Perhaps instead of a handful of unelected judges making up rules based on their personal whim, congress could debate and vote on some sort of act defining the administrative procedures governing their delegations of power?
@Kazzy: Where I live, I’m not certain that it creates additional impact. Rents are already mostly outside the reach of working class and entry professionals/tech workers, so most of them may still end up living in tents or shelters.
@Just nutha ignint cracker:
I’m not well-versed on the program. Is it means-tested in any way? Or does anyone with loans qualify? I was fortunate enough to graduate without loans but had many friends who had significant loans. Most of these folks got decent-to-good-to-great jobs after college but had to scale back their spending to pay off their loans. For some this meant living at home while paying several thousand per month. For others, it meant living (with me!) in a basement apartment on the outskirts of a city. All of these folks would have spent considerably more on housing if they hadn’t had to make loan payments. How many such people exist now who would receive forgiveness?
Cleek was right. Liberals are in favor of debt relief today so conservatives are opposed to it. Today.
Can the Biden administration just keep deferring the former-students’ payments indefinitely, 6 months at a time?
Let the next Republican administration deal with making millions of voters pay more if they really want to.
@Kazzy: My recollection is that it was capped at a point where it probably won’t be much assistance to people who owe hundreds of thousands of dollars in loans. The cap was on the order of something like $20k. Maybe 50, I really don’t remember.
“Are the Justices’ methods…unsound?”
“I don’t see any method at all, sir.”
@Just nutha ignint cracker:
$10k for standard loans for those earning under $125k
$20k for Pell Grants, same earning limit (which… isn’t a grant a… y’know.. grant? Not a loan?)
@James Joyner: “But the conservatives are simply reining in the growth of Executive power.”
Not in this case. The conservative members weren’t talking about issues of executive power — they were debating whether or not the loan forgiveness is good policy. That is literally legislating from the bench — deciding what the outcome should be not based on the law but on their own opinion of the outcome.
Yeah… it’s quite curious seeing the “balls and strikes” crowd talking about “fairness.” I thought it was the liberal justices who were more concerned about outcomes rather than the letter of the law. This is just a perfect example of SCOTUS becoming a legislative arm of the GOP as opposed to a neutral arbiter. I suppose I should get used to it.
JFC the law explicitly says in the text that the President can waive or reduce loans in case of an emergency. COVID was an emergency. This just shows the Republican political hacks on the court are unrestrained by anything and make lawless decisions that are explicitly in violation of the clear text of the law. It is that simple. Any attempts to complicate it are bad faith efforts to excuse political hackery and an amoral exercise of political power.
The administration didn’t follow the APA in this case, explicitly declaring that they had the power to do this without public notice pursuant to the HEROES Act.
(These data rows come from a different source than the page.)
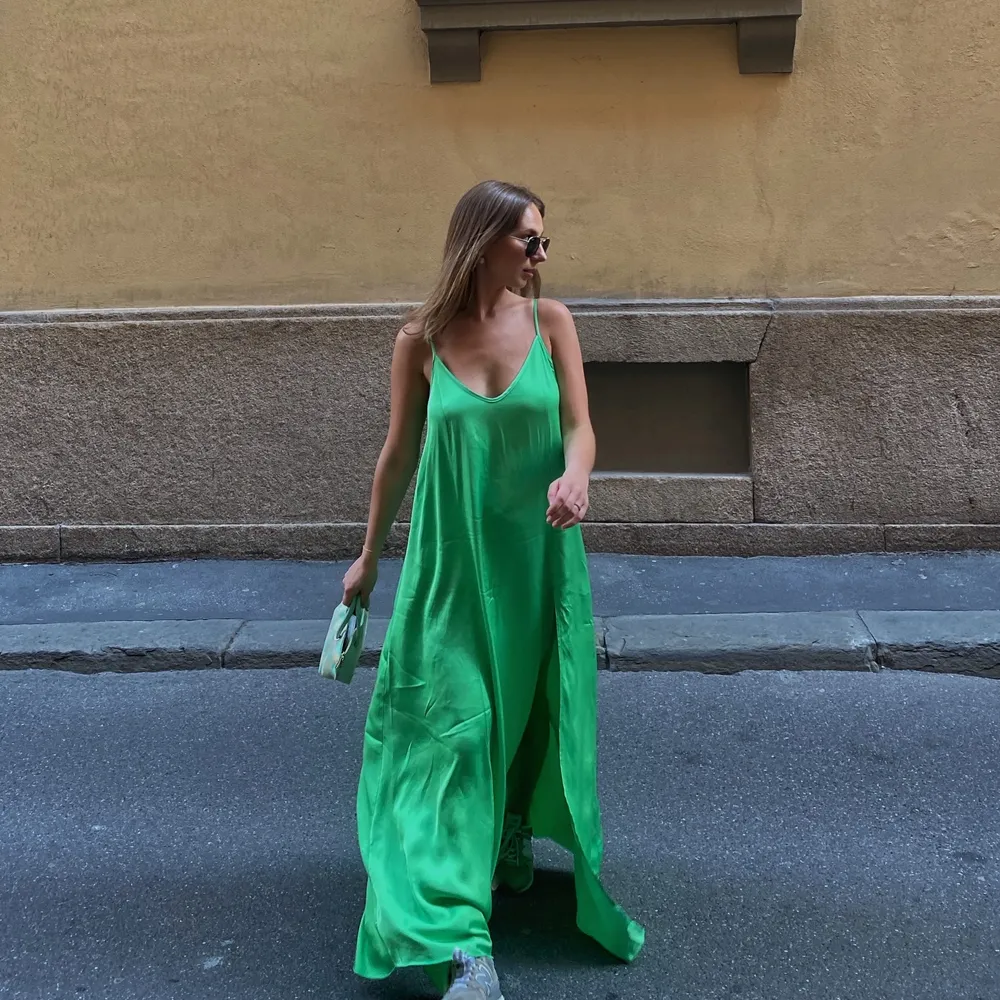 Säljer en helt fantastisk grön slipklänning köpt i Italien. Har använt endast 2 gånger. Köp innan jag ångrar mig🥲🥲   Nypris: 850. Klänningar.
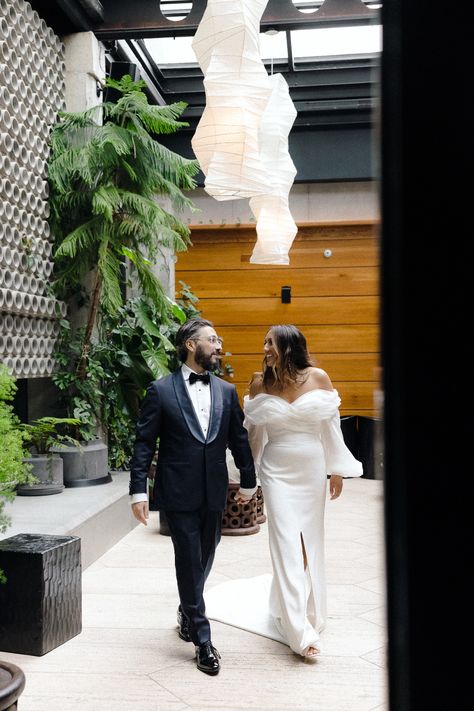 Stylish bride and groom at Ace Hotel Brooklyn wedding venue #WeddingChicks #AceHotelWedding #BrooklynWedding #brooklynweddingvenues #newyorkweddingvenues #AceHotelBrooklyn Ace Hotel Brooklyn, Eclectic Architecture, Bohemian Backdrop, Ace Hotel Wedding, Dog Of Honor, Grass Centerpiece, Brooklyn Wedding Venues, New York Wedding Venues, Stylish Bride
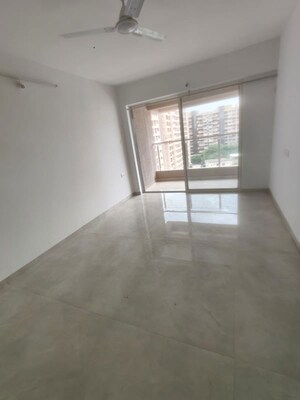 2 BHK Apartment For Rent in Gulmohar Skypark, Dhanori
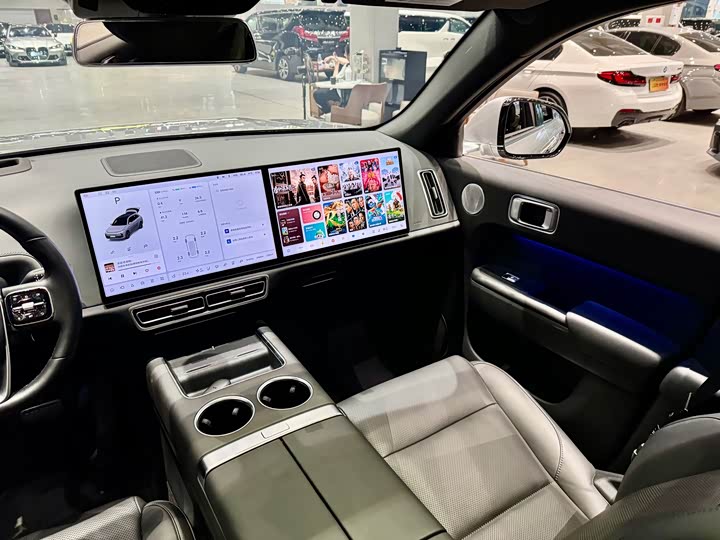 Фото 10 - LiXiang L7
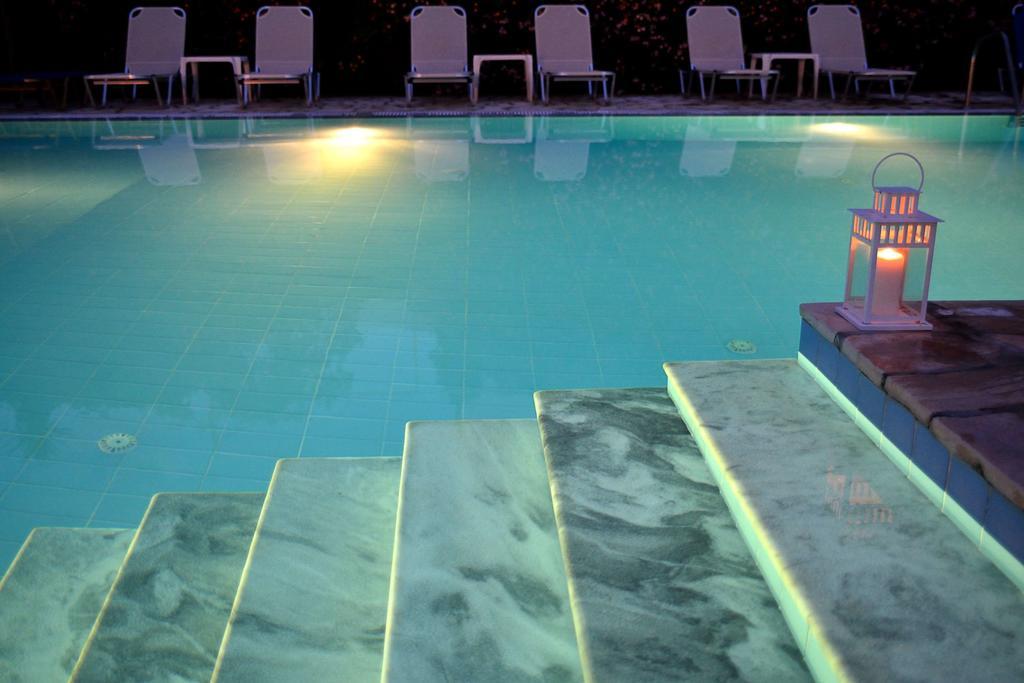 Filorian Hotel Apartments Acharavi  Exteriér fotografie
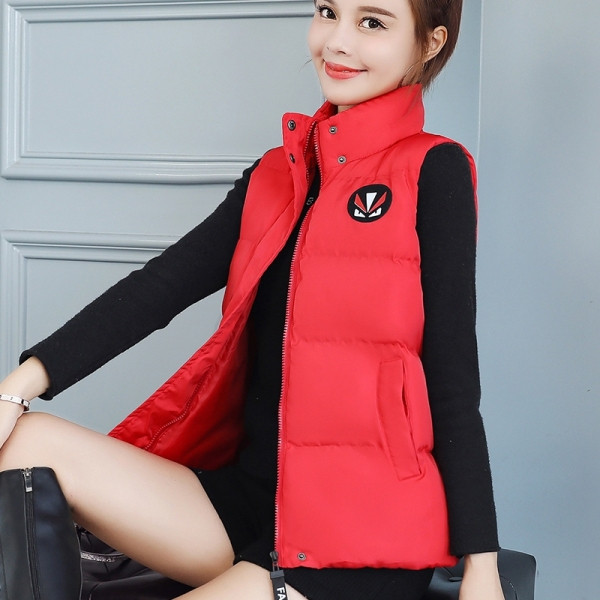 Vabaaja naiste lühike tikandi ja kõrge kraega vest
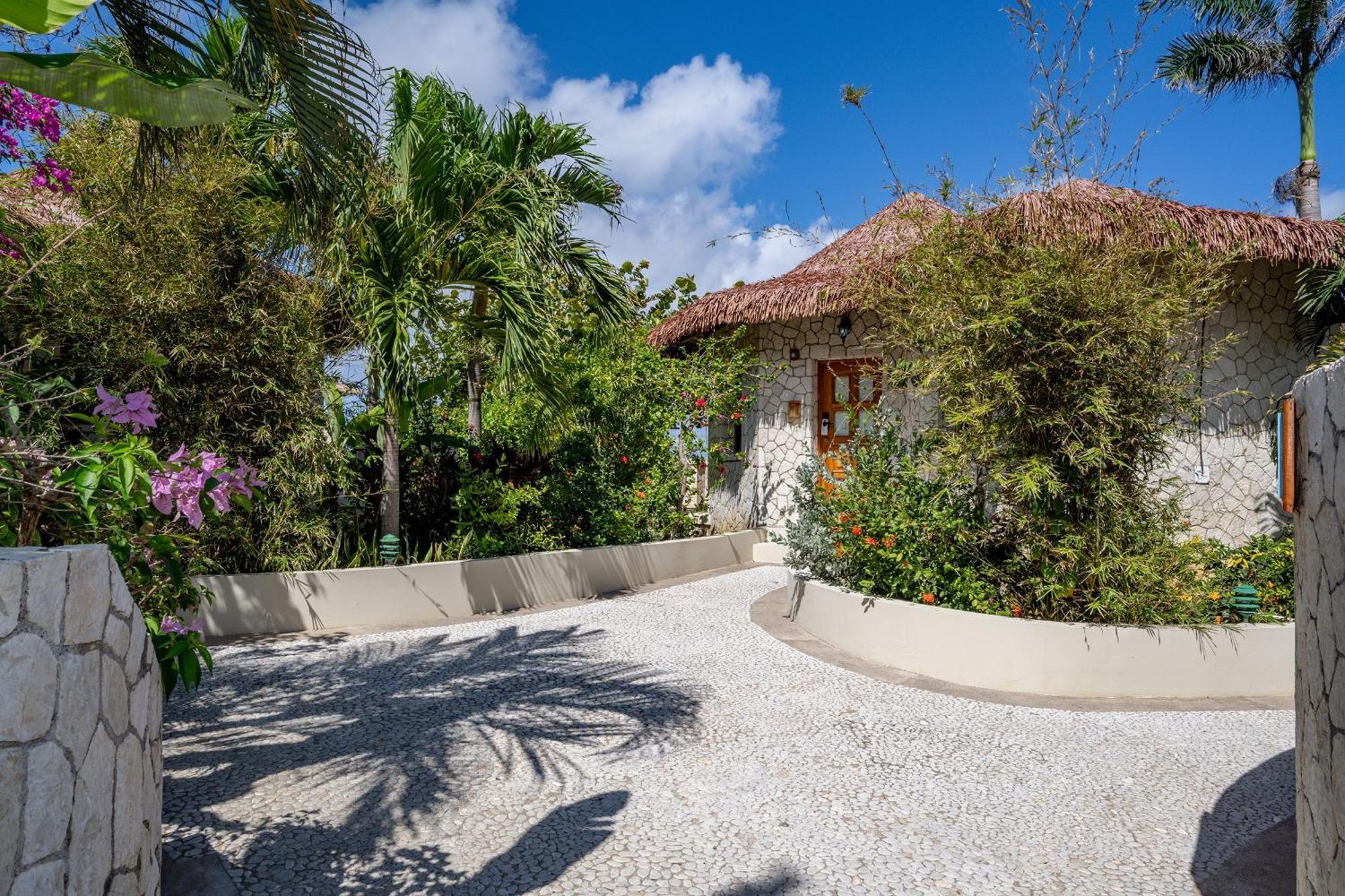 Ocean Cliff Hotel Negril Limited - Adults Only Esterno foto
I’m not a believer in the unitary executive theory but it’s about the degree to which the President’s powers over the Executive branch can be constrained by Congress. But recall that the Roberts Court routinely struck down Trump Administration actions for violations of the aforementioned Administrative Procedures Act.
@Mu Yixiao: Pell Grants are not large enough to cover the full cost of attendance. Since the folks who get Pell Grants are on the lower socioeconomic end, recipients also take out loans to cover the gap.
The second tier allows for additional loan forgiveness on the loans taken out by Pell Grant recipients.